Houston ISD to review specIal education program

In the wake of devastating revelations that the Houston Independent School District systematically denied tens of thousands of disabled students the critical therapy and instruction they were entitled to by federal law, the incoming Superintendent Richard Carranza has ordered a deep review of special education, calling the probe "the first order of business."

It was Houston Chronicle reporter Brian Rosenthal whose investigation revealed Houston ISD was limiting special education services to roughly seven percent of its students, a rate that's half the national average.

"In reducing these services in special education, which the districts have clearly done, they have saved a significant amount of money," said Rosenthal. His bombshell investigation included testimony from dozens of Houston ISD educators who confirm they were forced by administrators to deny services to kids who desperately required and clearly qualified for special academic interventions.

When FOX 26 News asked Rosenthal if it was the collective belief of those educators that children were being harmed or shortchanged, he replied, "Absolutely.
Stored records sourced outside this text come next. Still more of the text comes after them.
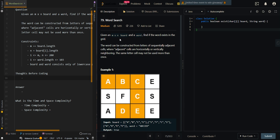In this video, we'll be going over a word search. Given an M times M board and a word, find if the word exists in the grid. The word can be constructed from letters of sequentially adjacent cells, where adjacent cells are horizontally or vertically neighboring. The same cell may not be used more than once.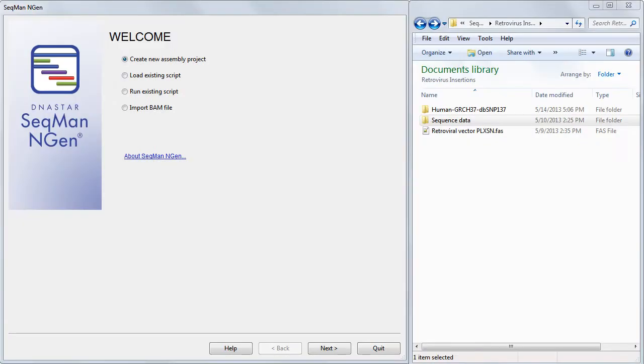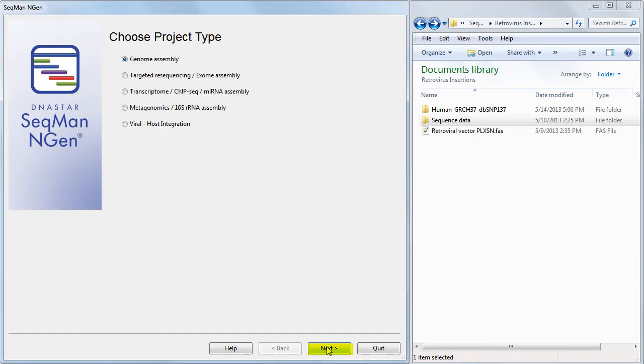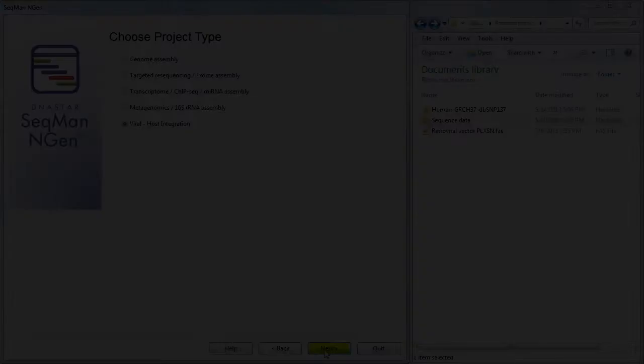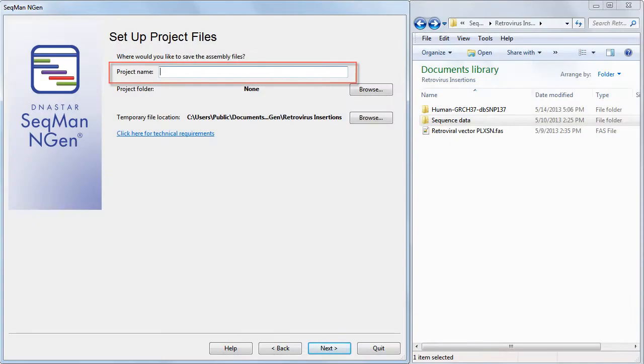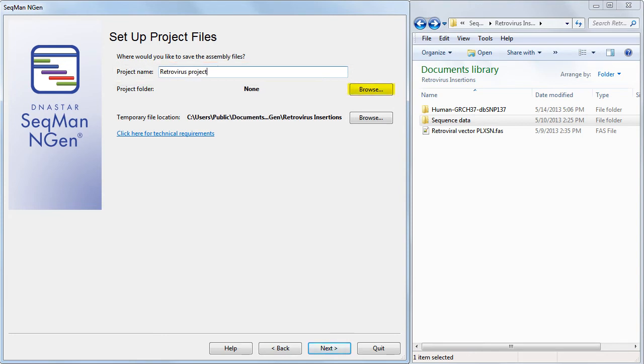In SeqMan NGen, we'll start by specifying that we want to create a new assembly project of the viral host integration type. In the Setup Project File screen, we need to type in a name for the project and specify a project folder.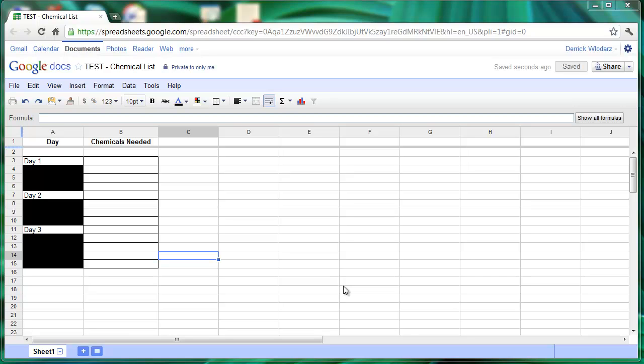In this short tutorial, I'm going to show you how you can use a drop-down list for cells in a Google spreadsheet.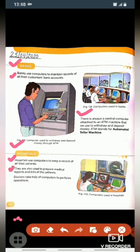They are also used to prepare medical reports and bills of the patients. Aur hospital mein hum log computer ka use patients ke medical reports aur bill ko prepare karne ke liye bhi karte hain.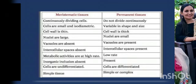Before starting the permanent tissues, let us see a few differences between the meristematic tissues and the permanent tissues. In the meristematic tissues, the cells are actively and continuously dividing, whereas in the permanent tissues they have lost the power of division. These permanent tissues originate from the meristematic tissues and are made up of mature cells which have undergone growth and differentiation. That's why the permanent cells possess a definite shape, size and function.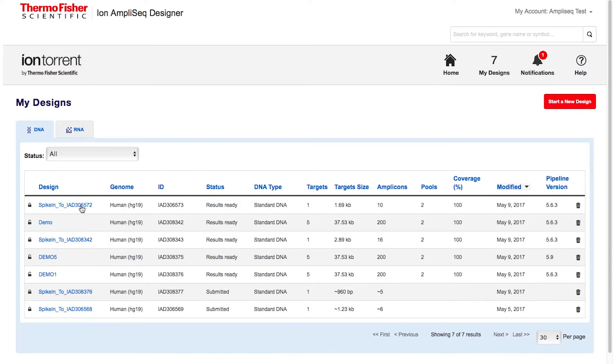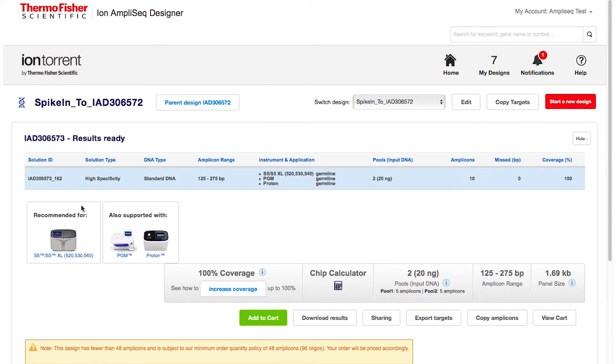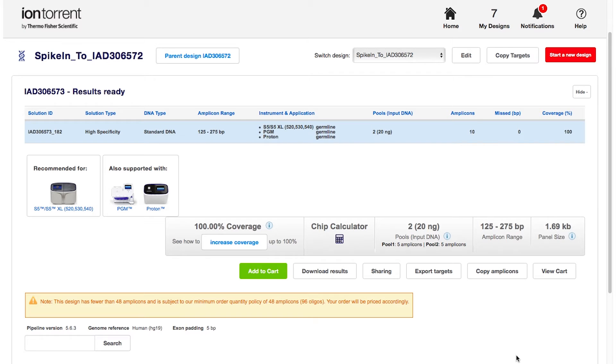Please note that if your spike-in design contains more than 123 amplicons per pool, it will no longer be considered suitable for a spike-in panel. If that's the case, reduce the size of your spike-in panel by editing and deselecting one or more genes in the red box. Once your design is suitable for spike-in, a success message will be displayed. Click the link to see your spike-in panel and complete ordering through the made-to-order custom workflow. You will receive these panels separately with detailed instructions on how to combine the two.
That was a pattern that we heard over and over again, that it was not right that kids were being denied services that they needed."

Jill Martin Booth is one of thousands of Houston ISD parents who believe their disabled children have suffered permanent damage as a result of the district's policy of denial. After nine years battling the district, she felt compelled to remove her son Blake from a system she considers thoroughly corrupted by a desire to cut costs.

"These children are slipping through the cracks, they are not getting the services, they are regressing," said Martin Booth. "They continually, systematically make things so bad that hopefully you'll pull your child."